Privacy Commissioner Daniel Therrien holds a news conference at the National Press Theatre in Ottawa on Thursday, Sept. 21, 2017.Sean Kilpatrick/The Canadian Press
Canada's privacy watchdog says the country's digital-privacy laws can grant citizens the right to force search engines to remove websites with incorrect information about themselves from search results, but it's also calling on Ottawa to further study the rights Canadians have to manage their online reputations.
Such a removal is called "de-indexing." There is no such explicit right to it in the Personal Information Protection and Electronic Documents Act (PIPEDA), the Office of the Privacy Commissioner of Canada says. But in what it calls a "draft policy position" released on Friday, the office said that when combined, two provisions of the act – the obligation of companies to use accurate information and the ability of Canadians to challenge that accuracy – can be interpreted as a right to request information about oneself to be de-indexed.
This interpretation means search engines such as Google "must meet their obligations under the Act" and allow Canadians to challenge the results of searches of their name if they believe it turns up inaccurate, incomplete or out of date information – for instance, if they found defamatory content in a blog post.
Opinion: Why a Canadian right to be forgotten creates more problems than it solves
The paper's release follows consultations that began two years ago and saw submissions from 28 stakeholders. How enforceable the paper's revelations are remains unclear, however, as they swing from specific suggestions for interpreting PIPEDA to asking the federal government to conduct a broad review of online reputation protections. "Elected officials should confirm the right balance between privacy and freedom of expression in our democratic society," the paper says.
Michael Geist, the Canada Research Chair in internet and e-commerce law at the University of Ottawa, says this puts the report's usefulness "on shaky ground." By announcing its reinterpretation of Canadian law, but asking for a parliamentary review, he said, "it's like trying to have your cake and eat it too."
But Privacy Commissioner Daniel Therrien said in an interview that his office is trying to offer Canadians immediate measures to protect their reputations online under current Canadian law, while flagging the issue of competing rights for parliamentarians.
"The right exists under the law as it is, but I recognize that there are legitimate concerns about whether the law has the right balance between privacy and freedom of expression," he said. "And I'm saying: It would be useful for elected officials who are mandated to determine the balance between various rights to examine this."

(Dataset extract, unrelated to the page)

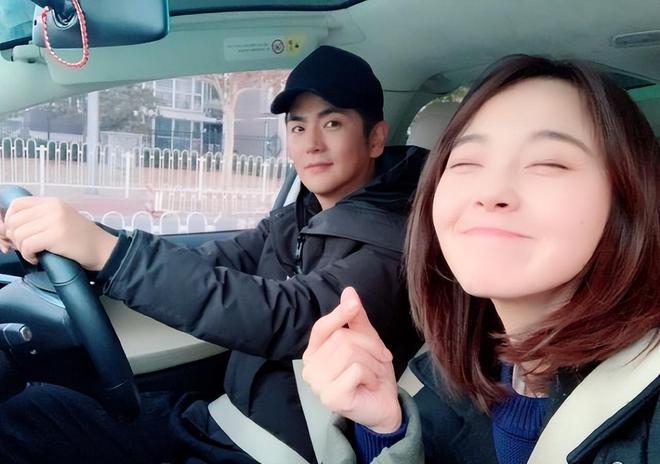 子袜子、眼霜和护肤品都是张晓龙买的OG真人游戏张佳宁：我的运动裤、鞋(图2)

The office insists it does not intend to replicate the European Union's "right to be forgotten" – the right to demand that search engines delete results that reveal personal information that is "inaccurate, inadequate, irrelevant or excessive" – but rather interpret Canadian law for similar measures. The EU is also months away from enforcing its new General Data Protection Regulation, which aims to harmonize European privacy laws but could change the way privacy controls are viewed around the world through increased territorial scope.
Most of the 28 stakeholders who responded to consultations – including Google Canada, The Globe and Mail and numerous news associations – who brought up the EU "right to be forgotten" argued against adopting it in Canada, with many suggesting it would infringe on freedom-of-expression rights.
While Mr. Therrien admits the new interpretation of Canadian law looks much like the EU's, he said the laws between the jurisdictions frame rights differently. "As a legal matter, in Europe, privacy and freedom of expression are both recognized to have equal weight. In Canada, there's constitutional protection for freedom of expression that obviously will need to be considered."
Google, which found itself at the centre of the EU privacy-versus-expression debate that spurred the "right to be forgotten" rule, declined to comment for this story. But in its submission to the Privacy Commissioner, it argued de-indexing was ineffective and unfair: "Many have likened the European court's ruling to removing the cards from a library card catalog but leaving the books on the shelf. … Decisions to delist URLs can affect users' access to media properties, past decisions by public figures and information about many other topics."
Friday's report also takes a hard stand on protecting young Canadians' reputations, arguing that Parliament should cement rules that "weigh more heavily in favour" of de-indexing or removing content being contested in the case of children or youth.